200 years is a long time, longer than six years even, and if there are any Eligius III descendants left on the planet, they must be at least six generations removed from the original pioneers from Earth.

They may have evolved a whole new society of their own — based on the Second Dawn cult or otherwise — or they may have interbred with any potential native species the planet may have had, becoming something new. (They also might have wiped them out. Humans gotta human.)

Like everything else about The 100 season 6, the new cast member announcements have been slow in coming, but two actors have been announced that could potentially be playing descendants of Eligius III: Teen Wolf‘s J.R. Bourne, who plays ‘peaceful leader’ Russell, and Bitten‘s Greyston Holt.

First of all, there is no getting around the fact that these actors look remarkably alike. At 48 and 33 years of age, respectively, they might not have been cast as father and son as some fans are speculating, but their characters could potentially still be somehow related.

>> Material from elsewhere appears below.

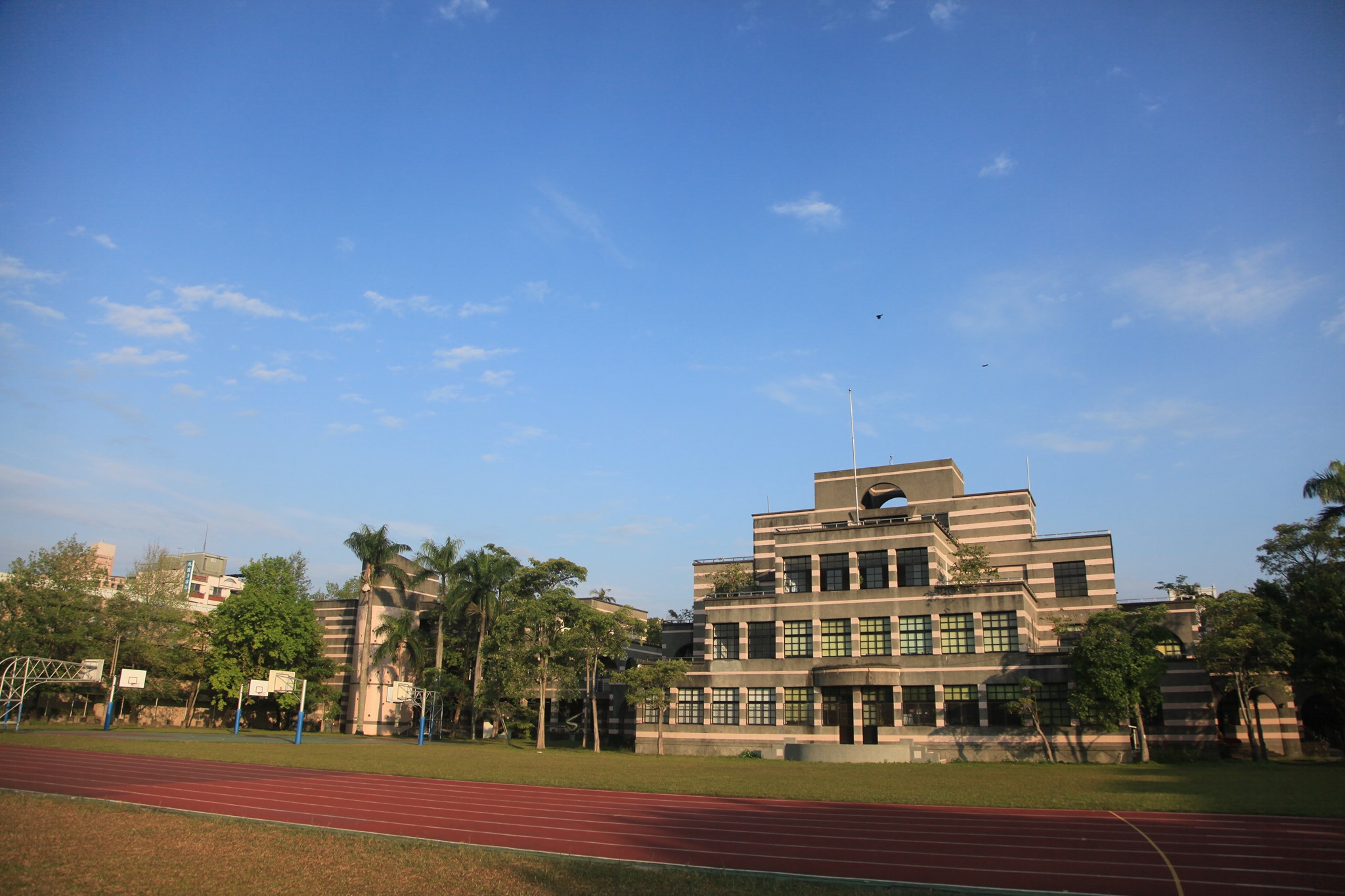 蘭陽女中禁止學生外訂便當，引發家長反彈。（圖／翻攝自國立蘭陽女中臉書）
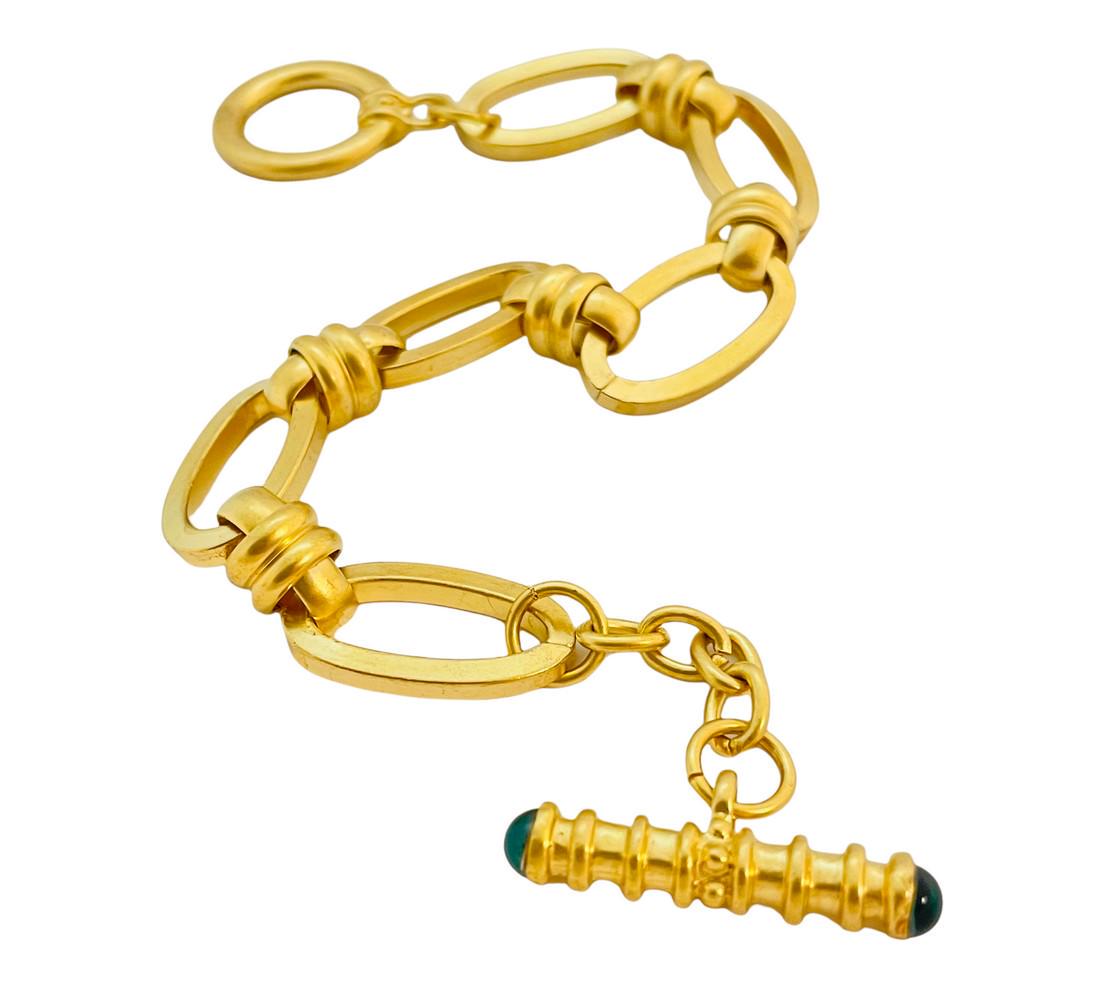 Vintage gold link chain emerald glass toggle bracelet (1 of 2)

That is, if they’re from the same factions at all. For all we know, Holt plays an Eligius IV prisoner, a member of Wonkru, or someone else altogether.

But if we presume for a moment — because why not? — that they’re both members of the society our heroes encounter on the new planet, they would likely be descendants of the Eligius III mission, or else native planetarians that would at least know what became of them.

(Since we know humans usually bring death and destruction with them, and this society is described as “peaceful,” that might be a mark in the favor of Russell, at least, being a descendant of the planet’s original inhabitants!)

It is also possible that existing characters know more about Eligius III than they’ve previously let on. Shaw, as the last living member of the Eligius IV crew, appears to have some knowledge about them, probably from the classified files.

And Monty (Chris Larkin) broke through the mission log encryption, and probably learned more than just the path they took to the new planet. This information could be passed on through video messages or through his son Jordan (Shannon Kook).

Once on the surface, it’ll be up to the characters — and the audience — to piece together the clues left behind by Eligius III, to figure out where they came from, what happened to them, and how they are connected to the society we eventually encounter on the two-sun planet.

What do you think? How does Eligius III fit into The 100‘s existing mythology, and what have they evolved into during their 200 years on the new world?